DATA EXTRACT:
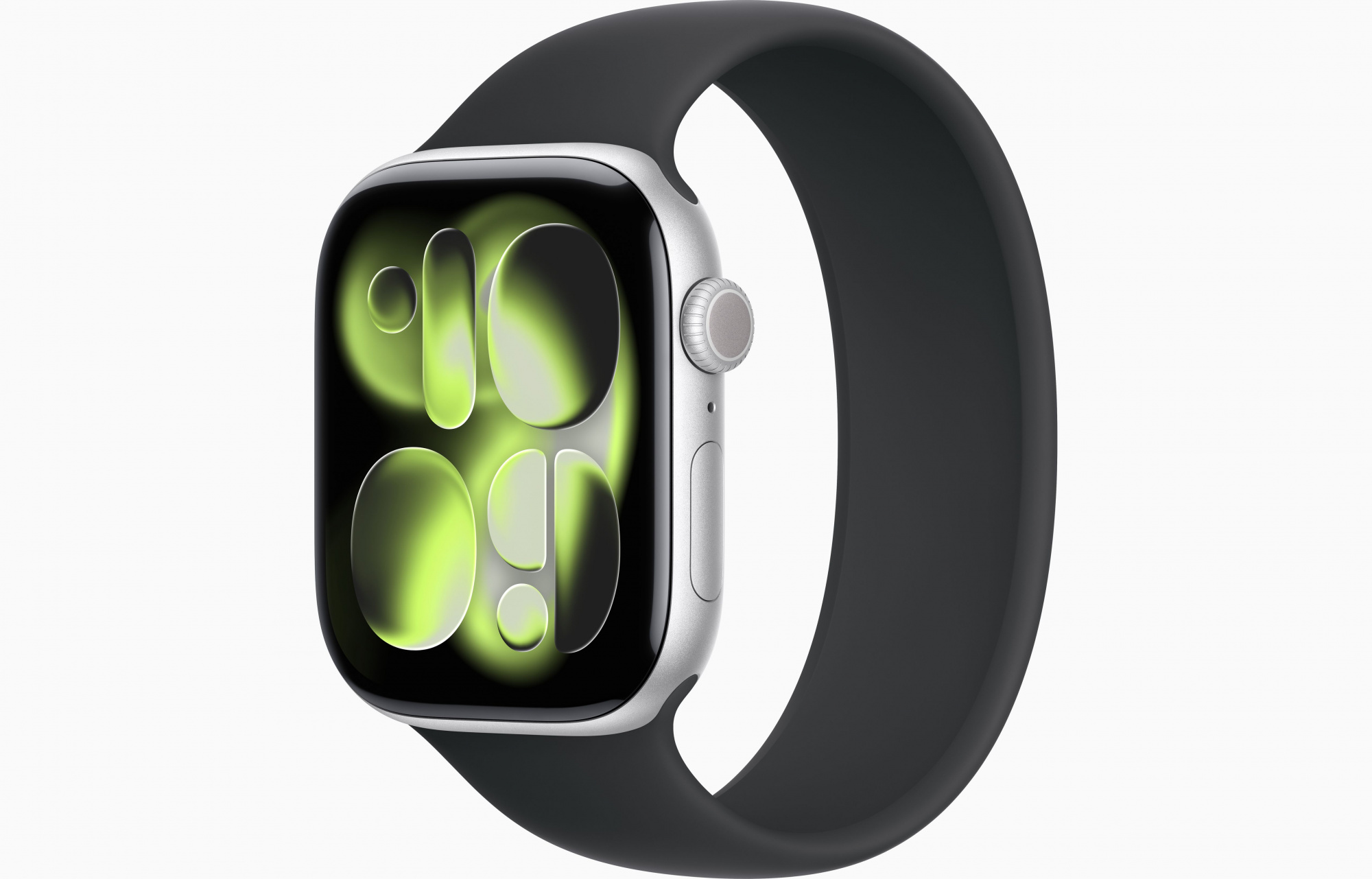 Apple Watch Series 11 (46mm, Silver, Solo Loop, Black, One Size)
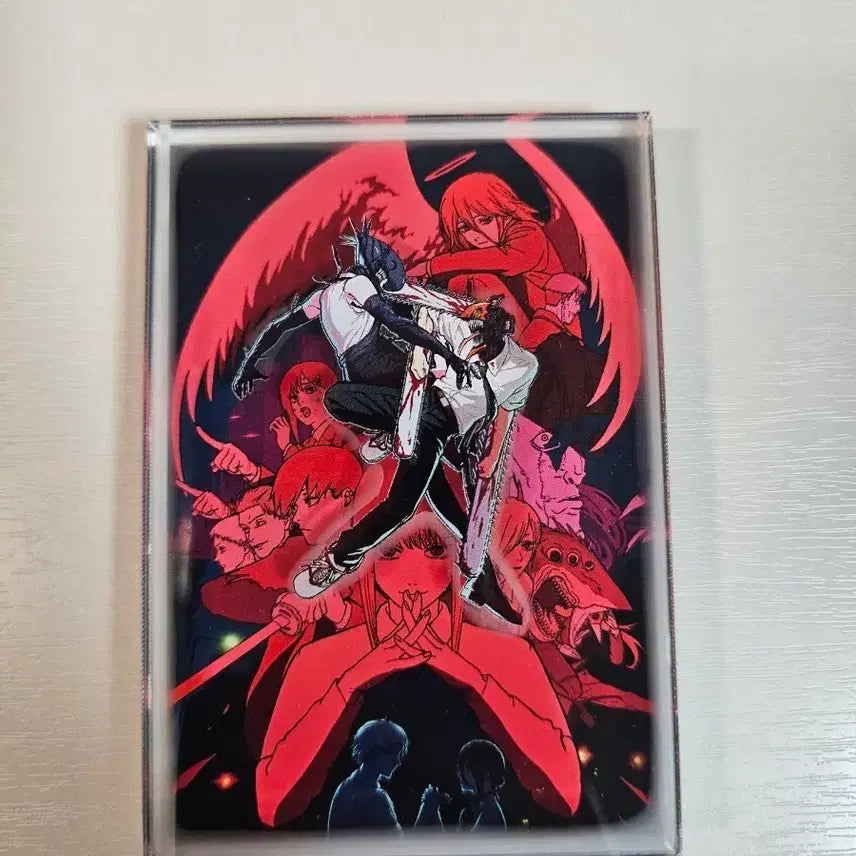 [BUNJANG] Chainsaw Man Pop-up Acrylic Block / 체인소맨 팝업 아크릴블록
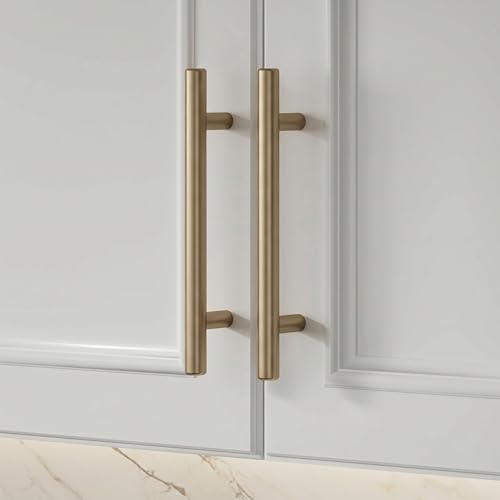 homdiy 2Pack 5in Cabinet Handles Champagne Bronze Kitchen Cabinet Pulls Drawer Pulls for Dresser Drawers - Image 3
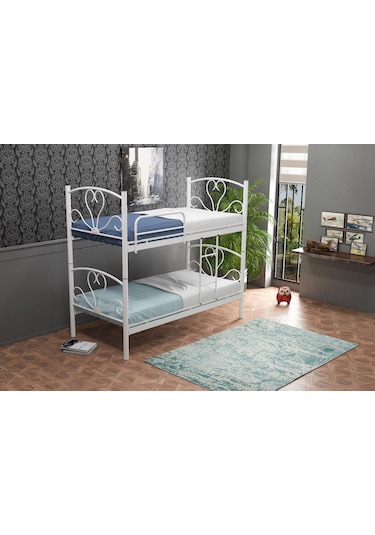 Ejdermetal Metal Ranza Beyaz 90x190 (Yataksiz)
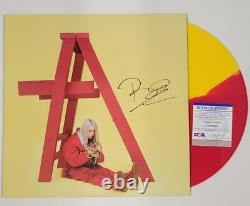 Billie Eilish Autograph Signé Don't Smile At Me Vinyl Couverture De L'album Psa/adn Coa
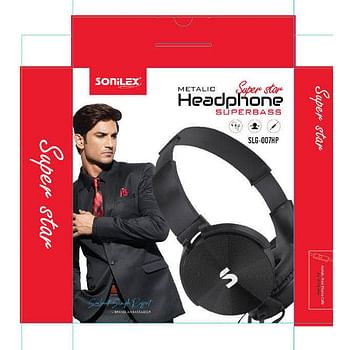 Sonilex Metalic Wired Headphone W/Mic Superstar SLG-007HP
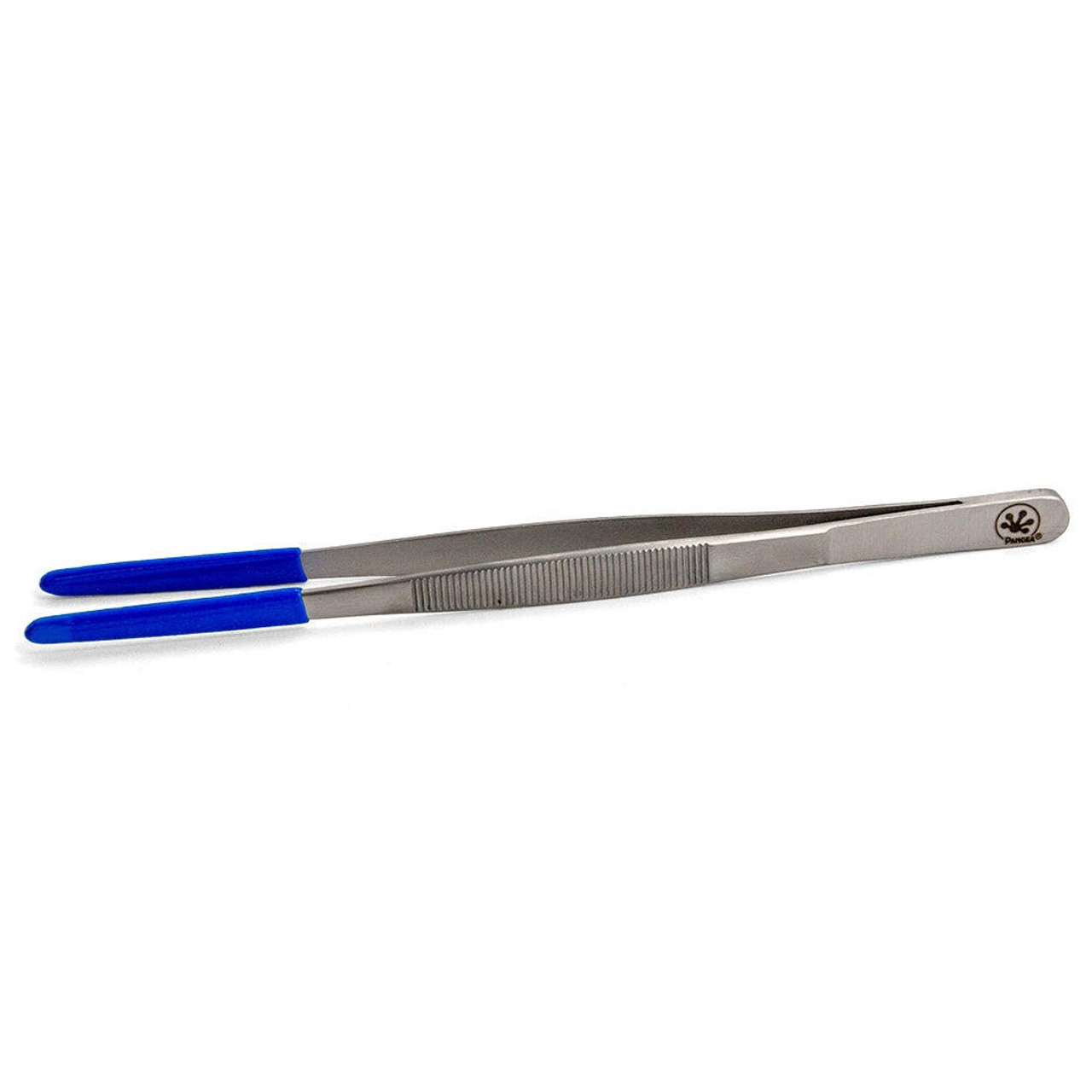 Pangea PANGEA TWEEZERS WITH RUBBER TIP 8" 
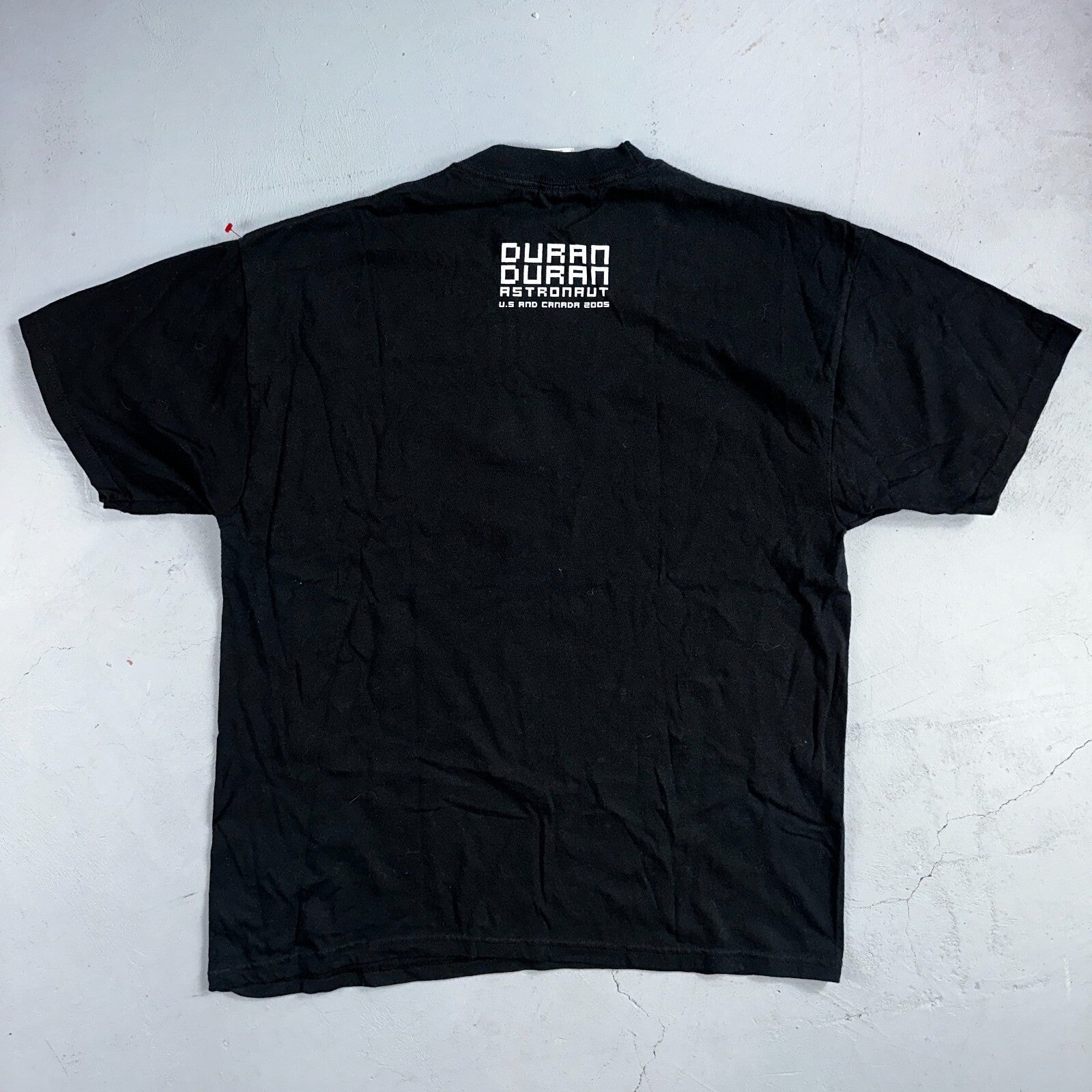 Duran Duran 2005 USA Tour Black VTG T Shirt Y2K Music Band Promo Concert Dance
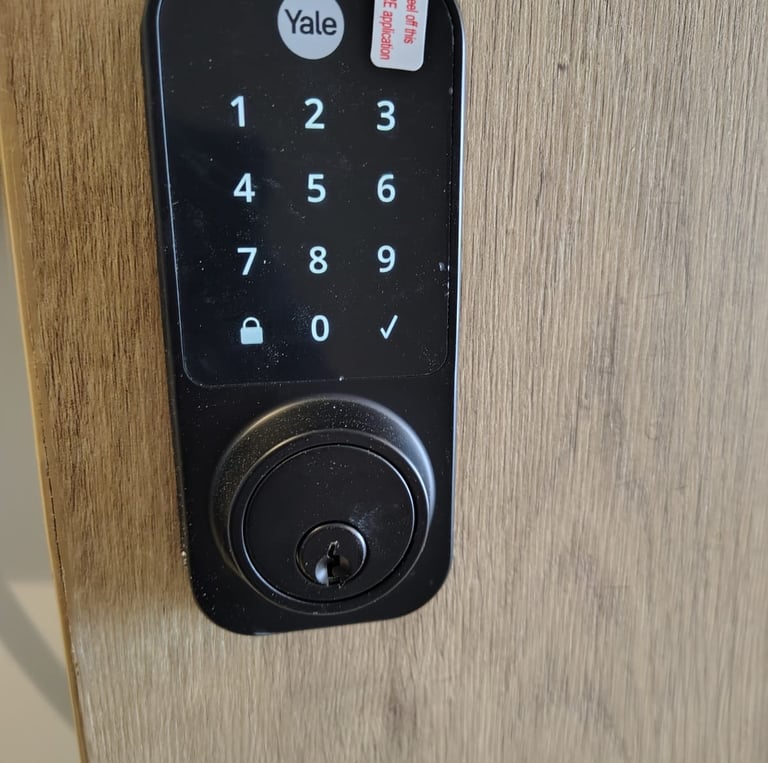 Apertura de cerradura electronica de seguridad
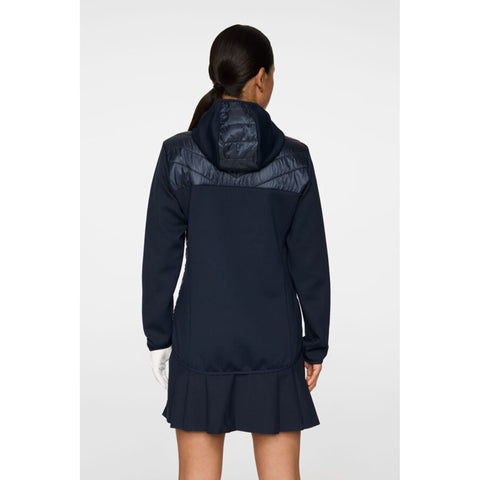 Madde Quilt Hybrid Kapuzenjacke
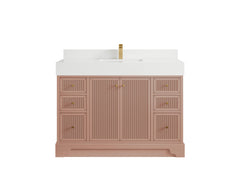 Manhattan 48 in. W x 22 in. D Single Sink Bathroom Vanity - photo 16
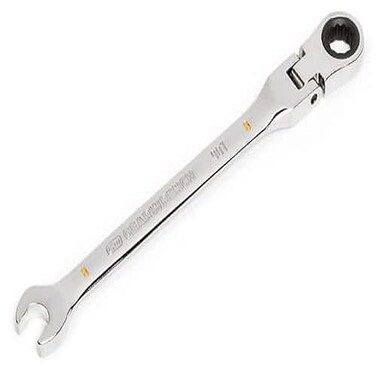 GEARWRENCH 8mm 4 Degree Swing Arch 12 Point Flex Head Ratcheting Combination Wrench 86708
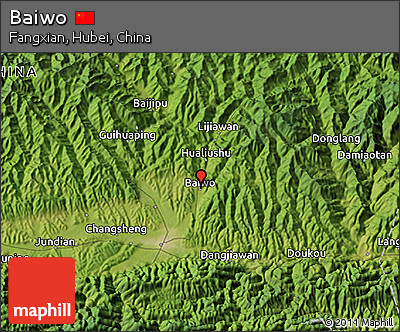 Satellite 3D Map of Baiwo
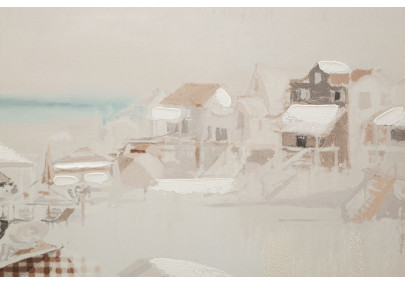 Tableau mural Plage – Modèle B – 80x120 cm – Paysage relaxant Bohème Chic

THE PROBLEM: All lines above starting at the one with "Duran Duran 2005" and ending at the one with "Manhattan 48 in.", inclusive, are to be printed again exactly, with the pictures left out.

THE ANSWER:
 Duran Duran 2005 USA Tour Black VTG T Shirt Y2K Music Band Promo Concert Dance
 Apertura de cerradura electronica de seguridad
 Madde Quilt Hybrid Kapuzenjacke
 Manhattan 48 in. W x 22 in. D Single Sink Bathroom Vanity - photo 16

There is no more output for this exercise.